The 26 healthy-weight participants were aged between 27 and 44, and their mean BMI was 22.6 (SD=1.5). The anthropometric characteristics and Hunger/Satiety rates at Day0 (baseline) and Day29 (control day) are performed in Table 1b
Table 1b. Anthropometrics and characteristics of participants with healthy weight at baseline and control day, also in the groups of 2 types of meal frequency (FEH- Frequently Eating Healthy-weight; SEO- Seldom Eating Healthy-weight)

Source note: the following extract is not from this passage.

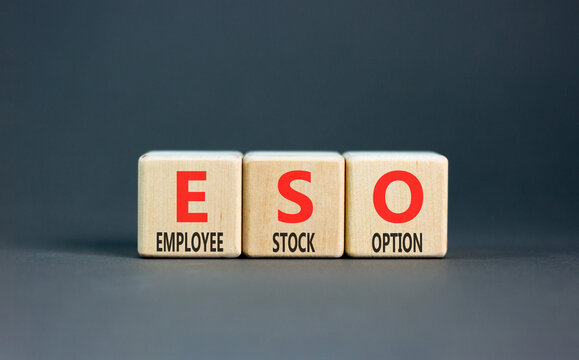 ESO employee stock option symbol. Concept words ESO employee stock option on beautiful wooden blocks. Beautiful grey background. Business ESO employee stock option concept. Copy space.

| Baseline (Day 0) – BEFORE the diet | | Control day (Day 29) – AFTER the diet |
| Healthy-weight | FEH | SEH | | Healthy-weight | FEH | SEH |
Number of participants | 26 | 10 | 16 | | 26 | 10 | 16 |
Gender | F | F | F | | F | F | F |
Age | 35±5 | 34.6±5.4 | 35.3±5 | | 35±5 | 34.6±5.4 | 35.3±5 |
Height, cm | 167±5.8 | 168.4±6.8 | 166.2±5.2 | | 167±5.8 | 168.4±6.8 | 166.2±5.2 |
Weight, kg | 63.2±5.3 | 64.2±7.2 | 62.5±3.8 | | 60.9±4.9 | 61.7±6.6 | 60.5±3.7 |
BMI | 22.6±1.5 | 22.6±1.8 | 22.6±1.3 | | 21.8±1.4 | 21.7±1.5 | 21.9±1.3 |
Waist circumference | 75.5±6.6 | 77.4±7.1 | 74.4±6.3 | | 72.6±6 | 73.8±5.6 | 71.9±6.2 |
Hips circumference | 99±4.5 | 99.6±6.2 | 98.6±3.2 | | 96.3±4.7 | 96.6±4.5 | 96.1±5 |
W/H ratio | 0.76±0.06 | 0.78±0.07 | 0.75±0.06 | | 0.75±0.06 | 0.77±0.06 | 0.75±0.07 |
Mean Hunger (from 3 meals) | 5.3±1.8 | 5±2 | 5.5±1.8 | | 4.7±2.7 | 4.7±2.5 | 4.8±2.8 |
Mean Satiety (from 3 meals) | 7.2±1.3 | 7.6±1.2 | 7±1.2 | | 8±1.4 | 8±1.5 | 7.9±1.5 |
3.2 Weight loss in overweight/obese group after 28-day diet intervention (Study 1)
Following the 4-week intervention, the participants` body Excess Weight significantly decreased versus baseline for both FEO and SEO groups (FEO: t=3.56, DF=17, p=0.002, SEO: t=5.99, DF=16, p=0.001) (Figure 1). Similarly, the significant reduction happened in total body weight, waist, and hip circumferences (p=0.001-0.005) in both meal frequency groups of overweight/obese participants (Table 1a). However, due to the high dropout, the frequent eaters initially had more excess weight than seldom eaters did. This can appear to be a limitation of group equality.